# [TRY IT]
Of the lines in the material below, print only those from the one containing "1205 Linda Vista" to the one containing "Rambarde de balcon", ends included, exactly as written and without pictures.

# [EXTRACTED MATERIAL]
==========

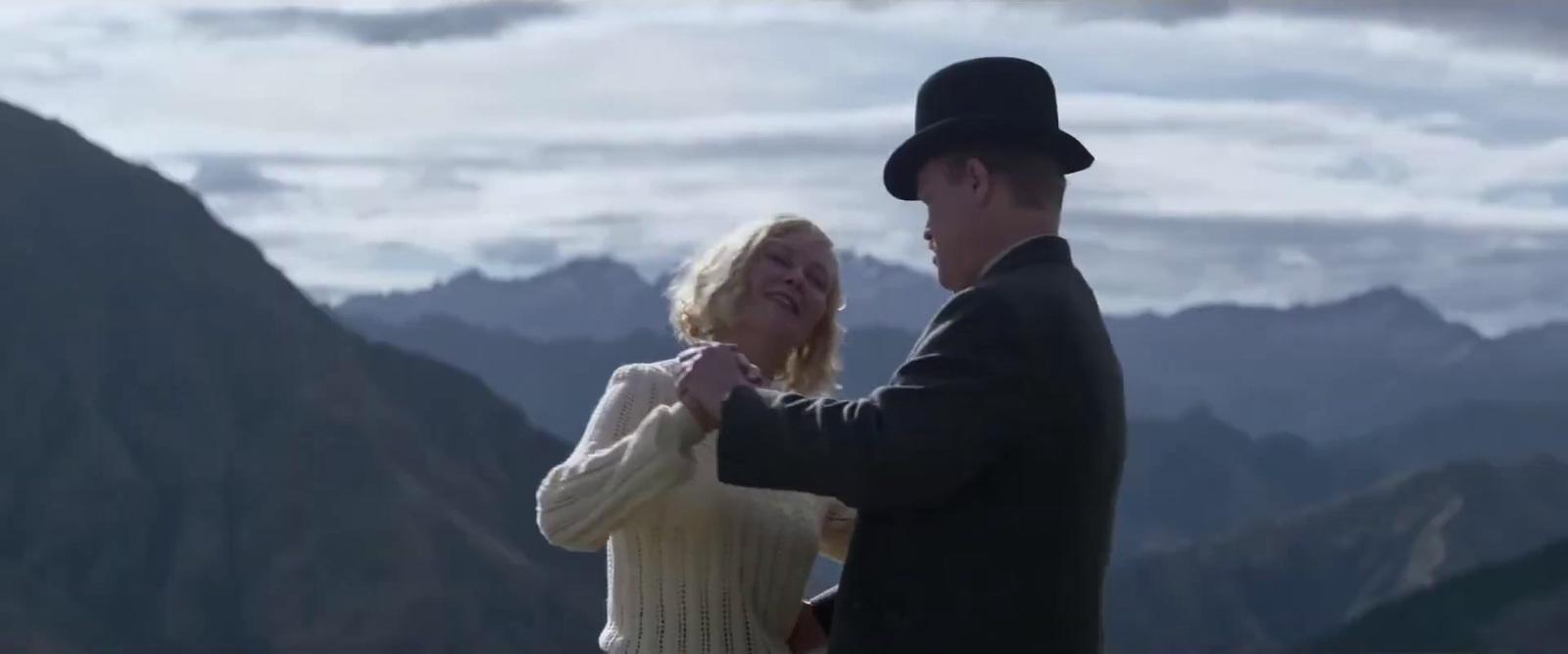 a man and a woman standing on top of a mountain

==========

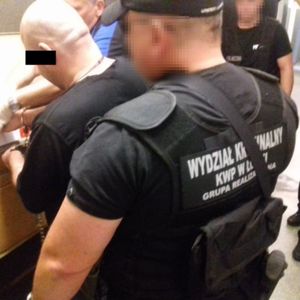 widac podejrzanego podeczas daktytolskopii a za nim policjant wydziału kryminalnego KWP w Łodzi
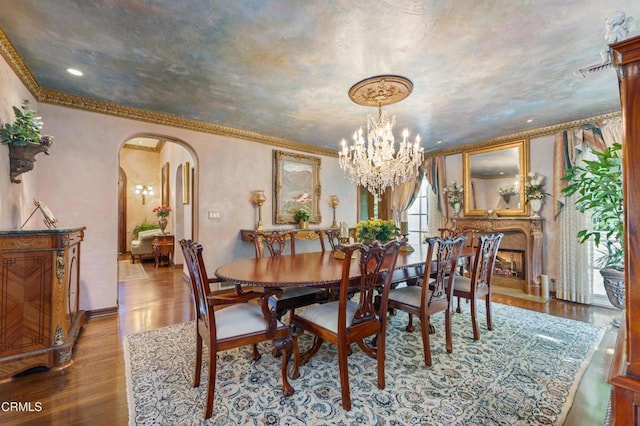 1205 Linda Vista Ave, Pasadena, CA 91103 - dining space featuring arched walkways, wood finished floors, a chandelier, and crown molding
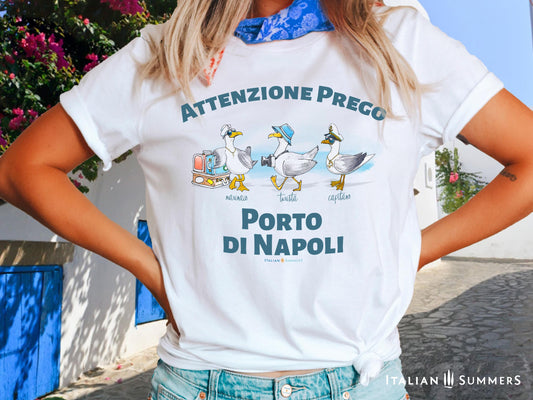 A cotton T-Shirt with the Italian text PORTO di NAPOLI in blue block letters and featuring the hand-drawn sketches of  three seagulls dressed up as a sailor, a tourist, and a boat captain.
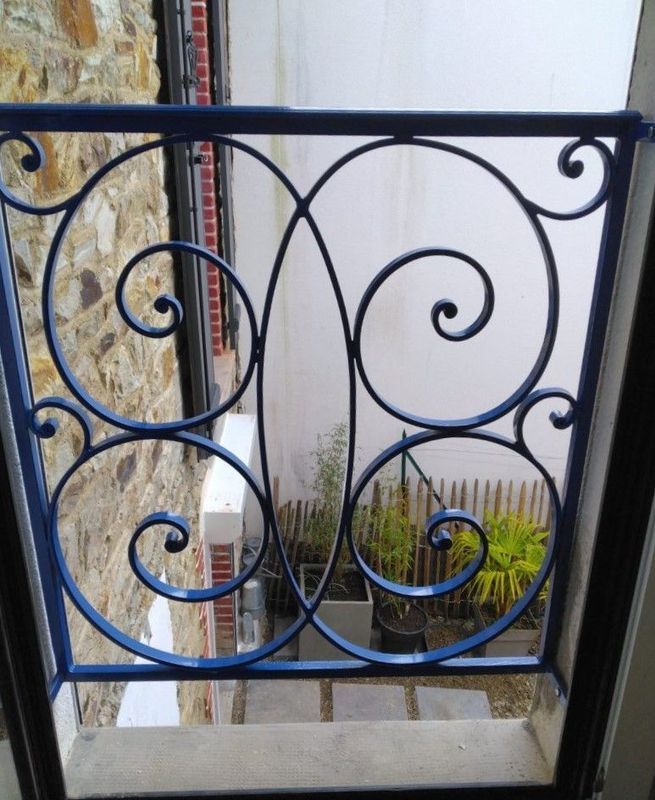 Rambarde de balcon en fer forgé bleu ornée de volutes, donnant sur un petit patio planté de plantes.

==========

# [SOLUTION TO THE PROBLEM]
 1205 Linda Vista Ave, Pasadena, CA 91103 - dining space featuring arched walkways, wood finished floors, a chandelier, and crown molding
 A cotton T-Shirt with the Italian text PORTO di NAPOLI in blue block letters and featuring the hand-drawn sketches of  three seagulls dressed up as a sailor, a tourist, and a boat captain.
 Rambarde de balcon en fer forgé bleu ornée de volutes, donnant sur un petit patio planté de plantes.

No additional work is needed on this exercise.